Rischiano una condanna dai 7 ai 15 anni gli undici giornalisti accusati di “propaganda terroristica” e di “appartenenza a un gruppo terrorista”. Ma la loro unica “colpa” è quella di essere colleghi liberi e di lavorare in media curdi. A comparire oggi davanti aiu giudizi del Tribunale di Ankara, l’editore dell’agenzia di stampa Mezopotamya News Agency, Deniz Nazlım, il capo della redazione di Ankara della stessa testata e i redattori Berivan Altan , Selman Güzelyüz , Hakan Yalçın , Emrullah Acar , Ceylan Şahinli , Zemo Ağgöz. Sul banco degli imputati anche i giornalisti di JinNews Habibe Eren , Öznur Değer e l’ex stagista Mehmet Günhan.
Arrestati il 29 ottobre 2022 nell’ambito di un’inchiesta avviata dieci giorni prima dal procuratore capo di Ankara hanno saputo di cosa fossero accusati solo lo scorso 8 febbraio, quando sono stati depositati gli atti dell’indagine, un’ordinanza di oltre 210 pagine.
Nell’udienza di oggi, la prima del dibattimento, la pubblica accusa ha depositato le dichiarazioni di alcuni testimoni e i 129 articoli pubblicati su Mesopotamia News Agency e Fırat News Agency.
gli avvocati della difesa hanno potuto acquisire il fascicolo processuale solo il 17 febbraio, dopo che la richiesta di accesso agli atti essere stata approvata dal tribunale.
In Turchia la repressione nei confronti della stampa curda non si è mai fermata.
Ci sono state due operazioni con arresti di massa di giornalisti nel 2022, a giugno e a ottobre.
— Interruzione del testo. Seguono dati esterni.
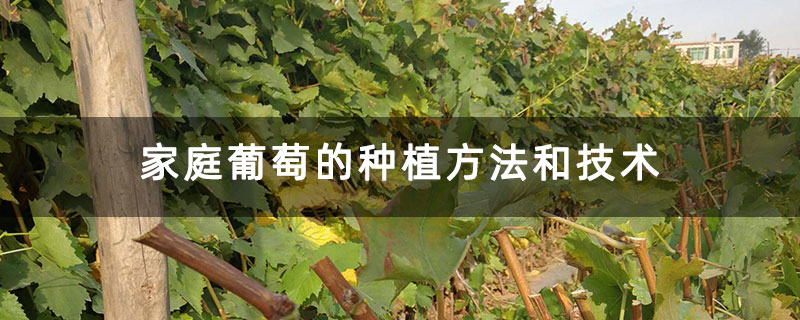家庭葡萄的种植方法和技术.jpg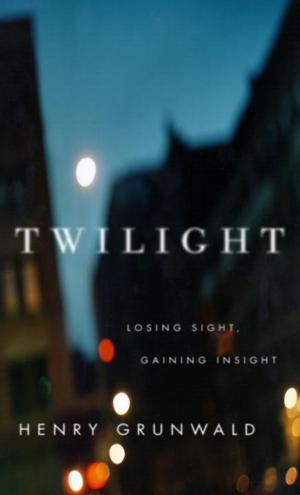 Cover of the book Twilight by Patricio Pron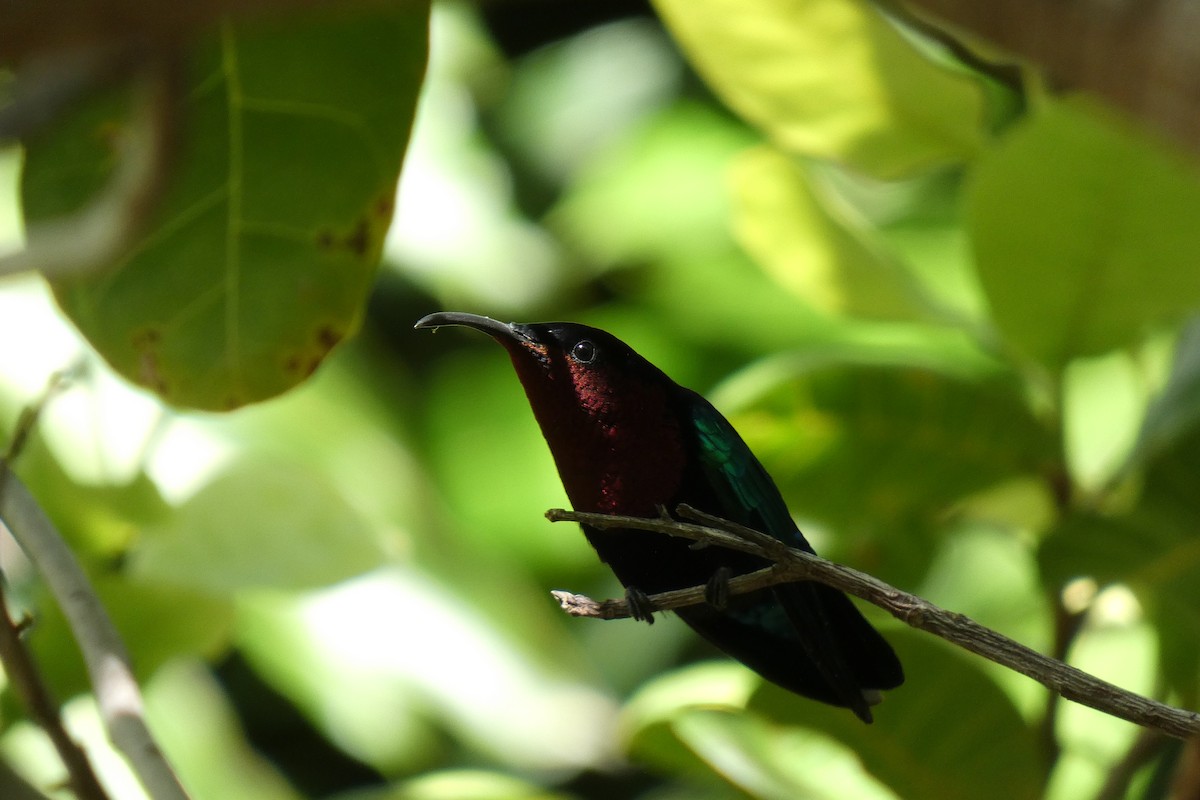 kolibřík nachovohrdlý - ML541087241
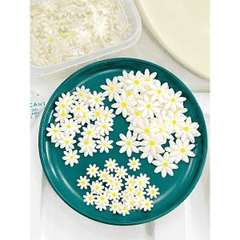 Kẹo Gum Hoa Decor Bánh (Hộp 100c)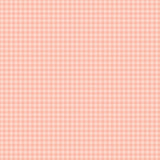 Echo Park Pastel Gingham Salmon Gingham 12x12 Patterned Paper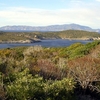 Giannutri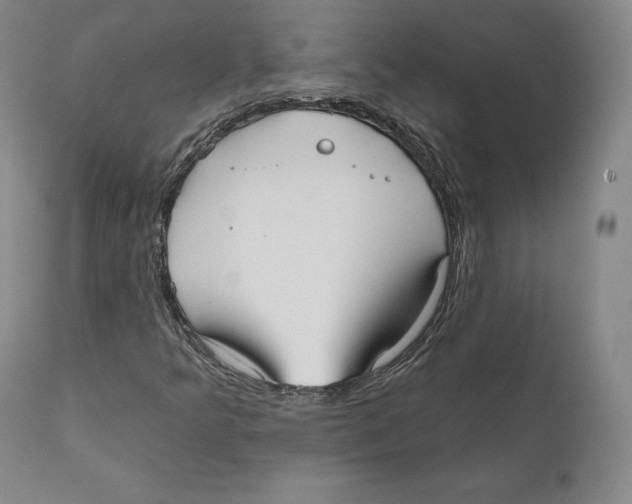 X0000110721349200907101354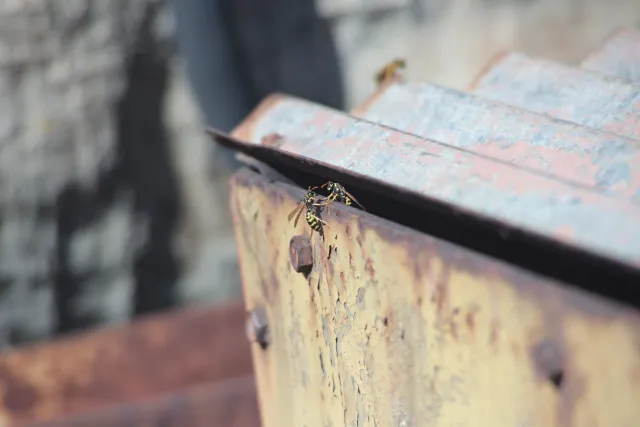 Vivitar Series 1 70-210mm f3.5 VMC V2 (Olympus OM) - 00005564.webp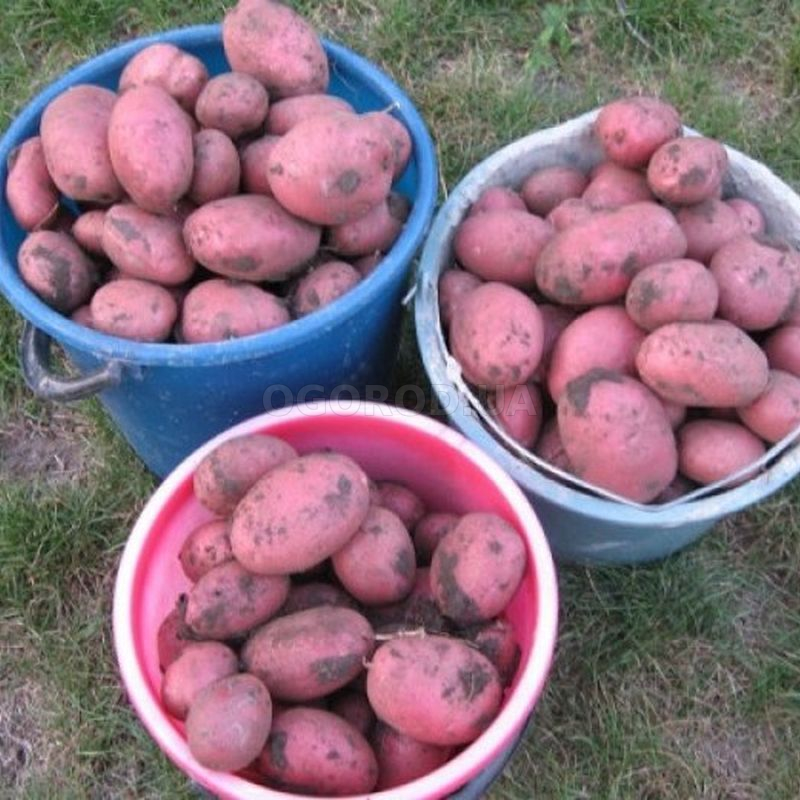 Клубни картофеля «Алладин», ТМ «ЧерниговЭлитКартофель» - 17 кг(мешок/сетка) купить недорого в интернет-магазине семян OGOROD.ua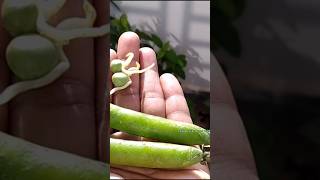 Growing Green peas  shorts shortvideo youtubeshorts trending trendingshorts [upl. by Celestina]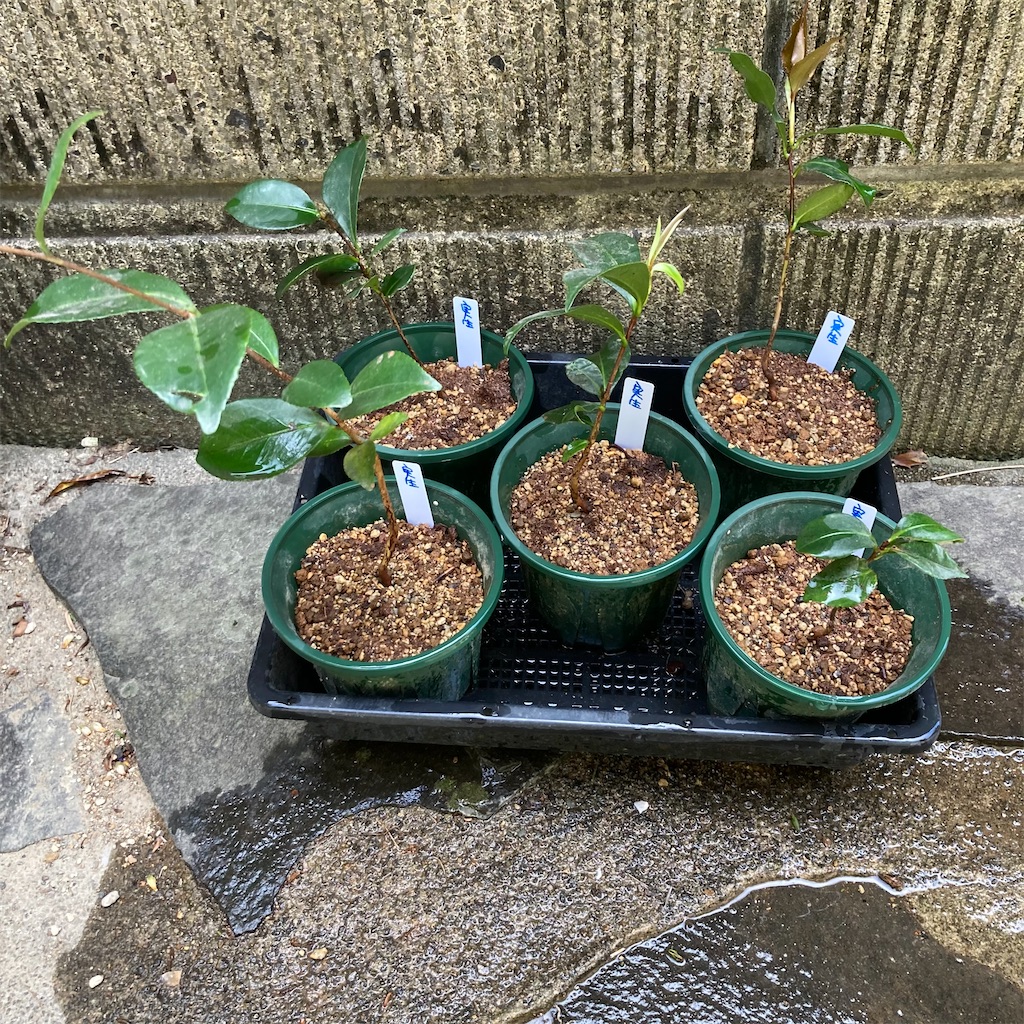 f:id:rotling:20210410123704j:image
L’8 giugno a finire in carcere 20 lavoratori di media curdi per ordine della Procura di Diyarbakir (Amed), 16 dei quali sono tuttora in custodia cautelare senza che sia stata formulata nessuna accusa. Altri undici giornalisti sono stati prelevati con la forza dalle proprie abitazioni il 25 ottobre, nove dei quali si trovano nella prigione di Sincan ad Ankara.
Per tutti loro l’accusa è quella di essere membri del Partito dei Lavoratori del Kurdistan e dell’Unione delle Comunità del Kurdistan, considerati gruppi terroristici.
Durante l’udienza il procuratore ha presentato anche le “prove” delle accuse mosse agli imputati, tra cui le intercettazioni delle comunicazioni tra gli undici indagati, monitorate nel periodo tra febbraio e settembre 2021. Depositata anche la testimonianza di un “testimone segreto” elencata con il codice “k8ç4b3l1t5”. Una testimonianza di cui non si comprende l’utilità avendo il soggetto solo riferito di aver lavorato per l’agenzia di stampa Mesopotamia e JinNews.
Insomma, un processo che si basa – come tanti altri – sul nulla.